A wonderful passage is to be found in “Cymbeline,” Act III., Scene 1, that seems to have been strangely neglected, where the Queen tells Cymbeline to remember--

“The natural bravery of your isle; which stands As Neptune’s park, ribbed and palèd in With rocks unscaleable and roaring waters; With sands that will not bear your enemies’ boats, But suck them up to the top-mast.”

And again, in the same scene, Cloten speaks of the Romans finding us in our “salt-water girdle.”
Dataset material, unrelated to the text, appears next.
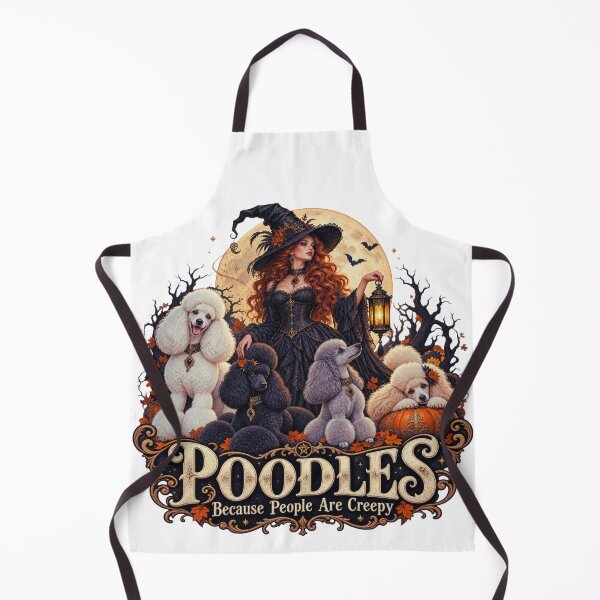 Item preview, Poodles Because People Are Creepy Halloween Poodle Witch Design designed and sold by OUICHA.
But no play of Shakespeare’s, except “The Tempest,” smacks so smartly of the brine as “Pericles,” the story of that much enduring Prince of Tyre whose nautical mishaps are made to have such a miraculously happy ending. In Act II., Scene 1, enter Pericles, wet, invoking Heaven that the sea having manifested its sovereignty over man, may grant him one last boon,--a peaceful death. To him appear three fishermen characteristically engaged in handling their nets, bullying one another, and discussing the latest wreck. And here we get a bit of sea-lore that all sailors deeply appreciate. “_3rd Fish._ Nay, master, said not I as much, when I saw the porpus how he bounced and tumbled? they say, they are half fish, half flesh; a plague on them! they ne’er come but I look to be wash’d.” Few indeed are the sailors even in these steamship days who have not heard that the excited leaping of porpoises presages a storm. The whole scene well deserves quotation, especially the true description of the whale (rorqual) “driving the poor fry before him and at last devours them all at a mouthful.” Space presses, however, and it will be much better for those interested to read for themselves. Act III., Scene 1, brings before us a companion picture to that in the opening of “The Tempest,” perhaps even more vivid; where the terrible travail of the elements is agonisingly contrasted with the birth-wail of an infant, and the passing of the hapless Princess. Beautiful indeed is the rough but honest heartening offered by the labouring sailors, broken off by the sea-command to--

“_1st Sailor._ Slack the bolins there; thou wilt not, wilt thou? Blow and split thyself.

_2nd Sailor._ But sea-room, an’ the brine and cloudy billow kiss the moon, I care not.”